Lucie Gadel, 25 ans, en a fait l’expérience, elle qui considère avec humour qu’en tant qu’« enfant unique de parents divorcés » elle n’est pas taillée pour la vie en communauté. Pour sa dernière colocation, fin 2023, l’agente d’accueil en hôtellerie a emménagé à Medellin (Colombie) dans l’appartement que son copain, Daniel, partageait avec deux amis de longue date.
Elle comprend vite qu’elle ne souhaite pas que cette cohabitation dure longtemps. « Ça m’a vite pesé, d’être en coloc avec des mecs, ambiance colonie de vacances. » Première étape : « [s]’imposer dans l’espace commun » en installant son bureau dans le salon pour télétravailler. « Je marquais mon territoire, j’espérais un peu qu’ils se sentent de trop, c’est affreux », se rappelle Lucie. Puis l’ambiance dans le groupe WhatsApp de la coloc se refroidit à coups de messages tendus et de photos de vaisselle sale dans l’évier.
« Je disais à mon mec qu’il fallait leur dire de partir. Le pauvre, il était entre deux feux. Je n’avais aucun lien émotionnel avec eux. Pour moi, c’étaient juste des nuisances », commente-t-elle avec un cynisme amusé. Le bail n’étant qu’au nom de Daniel, il finit par demander à ses colocataires de quitter l’appartement pour ne l’occuper qu’en couple. Après un an sur place, les amoureux rentrent en France en mars 2025. Et Lucie n’a aucun regret : ils viennent de se marier. « Au final, ça a bien fonctionné : tu perds des amis, mais tu gagnes une femme. Il faut prendre des risques dans la vie ! »

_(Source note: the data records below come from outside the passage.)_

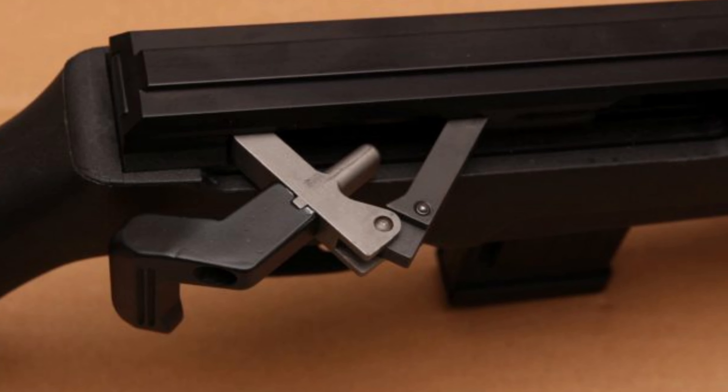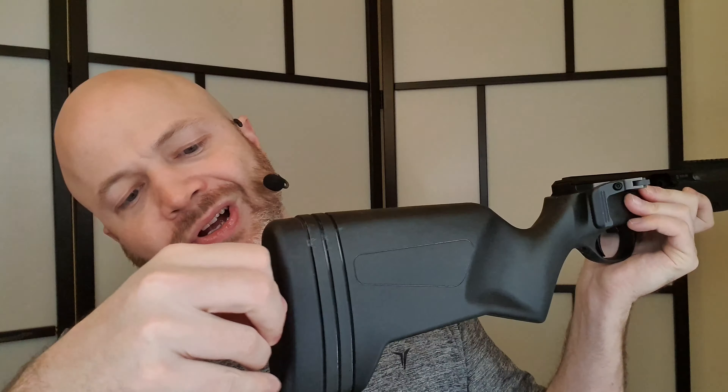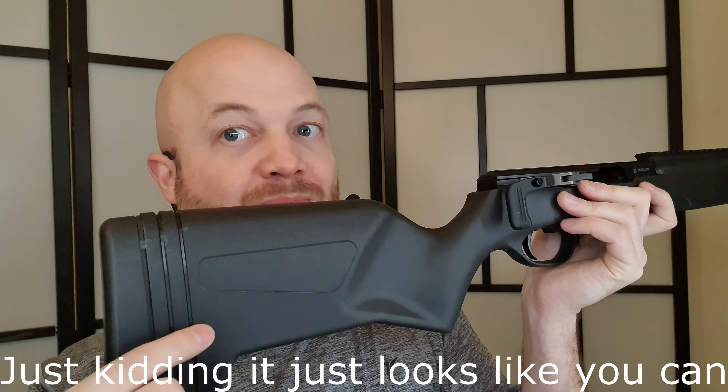We've got a 10-round mag. Of course my chamber's empty, so we're clear to look at this thing a little bit closer. Starting at the back, we have this hard plastic butt pad. We do have a couple of shims in here that we can pull out if we want to, and what that'll do is let us change the length of pull, which is kind of neat. We have a steel sling stud at the bottom — I like seeing those; I hate seeing the plastic ones.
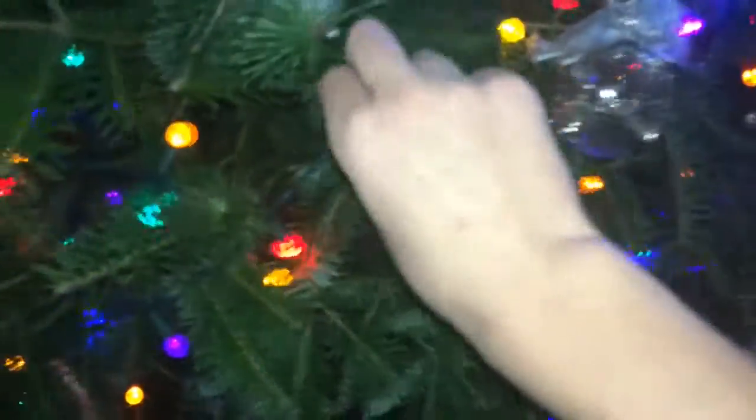First off, let's have a look at the branch. Alright, this here is a nice, beautiful fir tree. Look at that — it's very fine, it's very full. It's a full tree, very full, very green as well. Look at these branches.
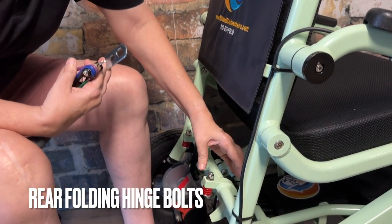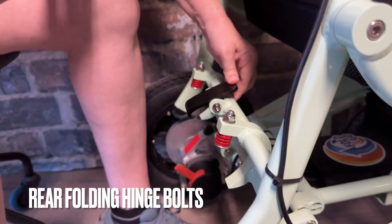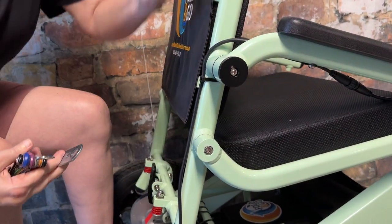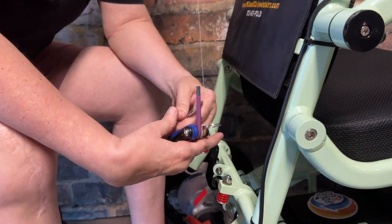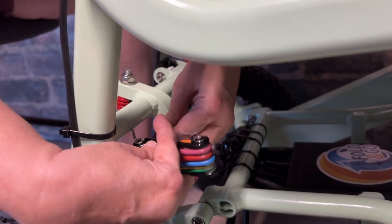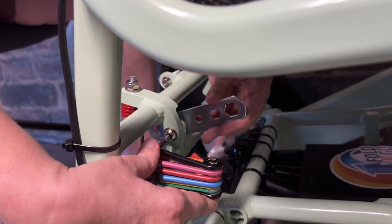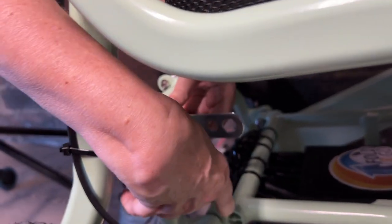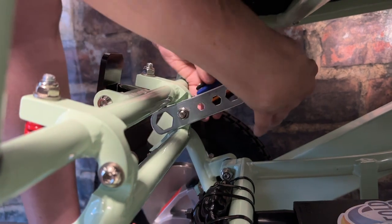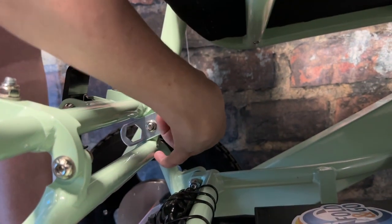Now we're moving towards the rear of the chair to tighten the rear folding hinge bolts, which are right in front of the frame lock. Position the chair partially closed and push the backrest forward a little bit — this gives you a better angle to reach those bolts. Use the purple hex bolt and line up the makeshift wrench with the bolt size. Righty tighty, lefty loosey — do both bolts, one on the right and one on the left. These bolts are also right in front of the red springs, which will help you find them.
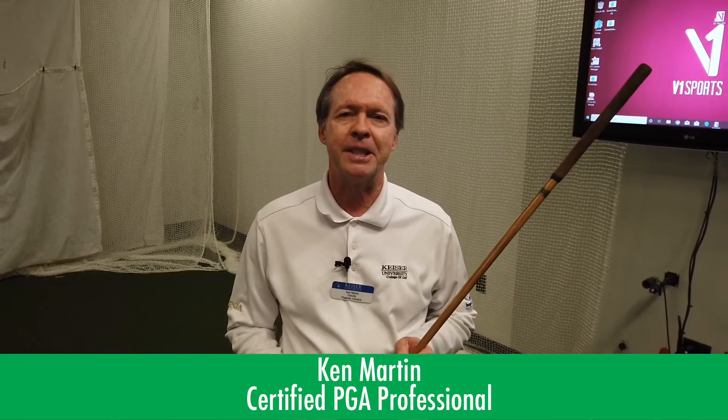Hi, Ken Martin here, a PGA member certified in general management and instruction, and instructor here at Kaiser University's College Golf.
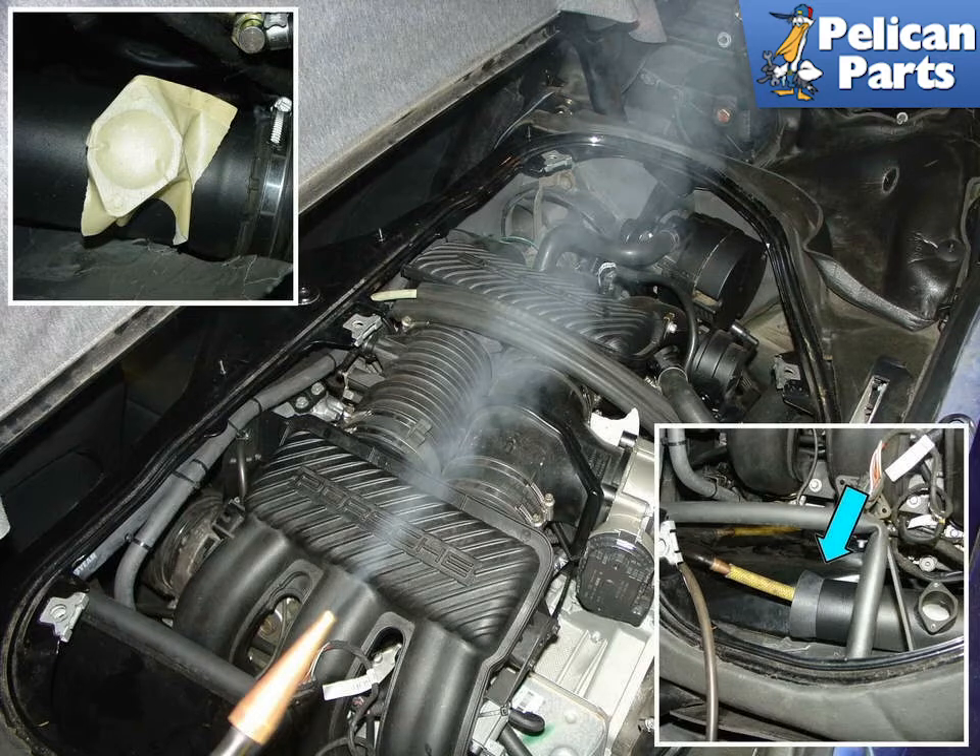The Smoke Pro comes with a whole set of adapters that you can use to plug into the intake system. On the Boxster here, we remove the aftermarket cone filter and plug the intake with a rubber cone adapter that comes with the Smoke Pro (blue arrow).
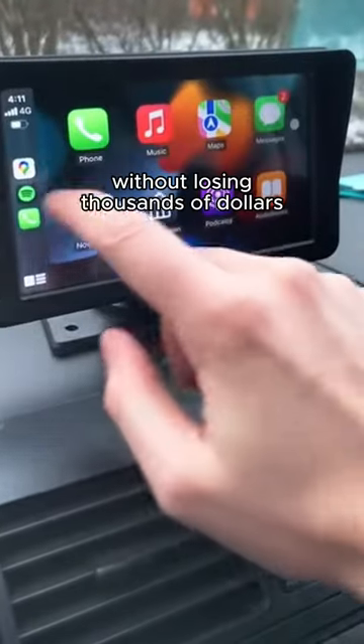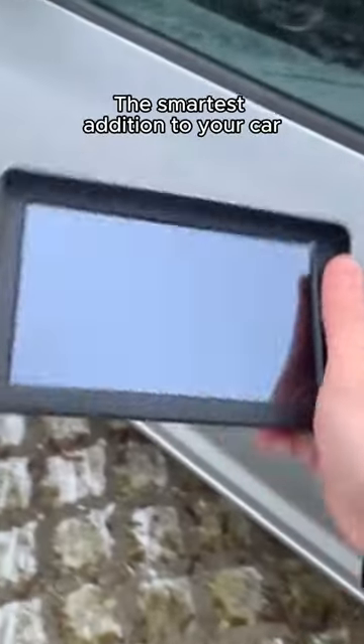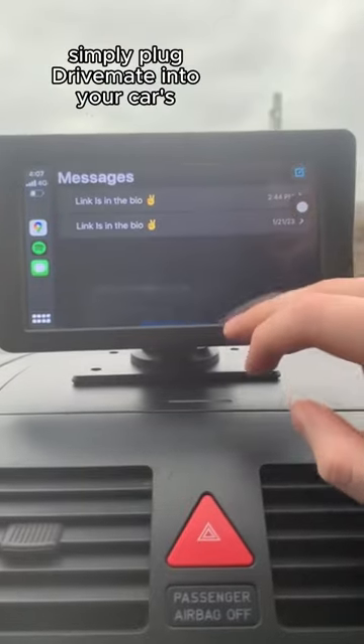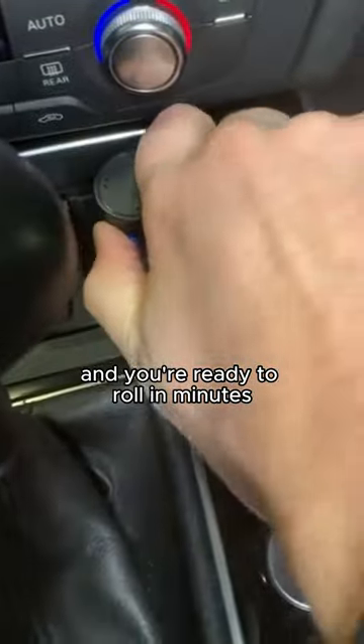Want to have Apple CarPlay without losing thousands of dollars? Meet DriveMate, the smartest addition to your car. Very easy to set up, no technical expertise required. Simply plug DriveMate into your car's cigarette lighter port and you're ready to roll in minutes.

Terrain de conflits entre amour et amitié, la colocation peut aussi être le lieu de la rencontre amoureuse. Pour son premier emploi à 27 ans, Marie-Laure (qui n’a pas souhaité donner son nom de famille) emménage dans une grande colocation de sept personnes à Genève (Suisse). Quelques mois plus tard, un nouveau colocataire s’installe. L’attirance est réciproque, ils entament une relation, d’abord dissimulée. « Au début, on se cachait, on s’embrassait quand on se croisait dans des pièces vides, ou il venait toquer à ma porte », se souvient la travailleuse sociale. Au bout d’un an, ils officialisent leur couple.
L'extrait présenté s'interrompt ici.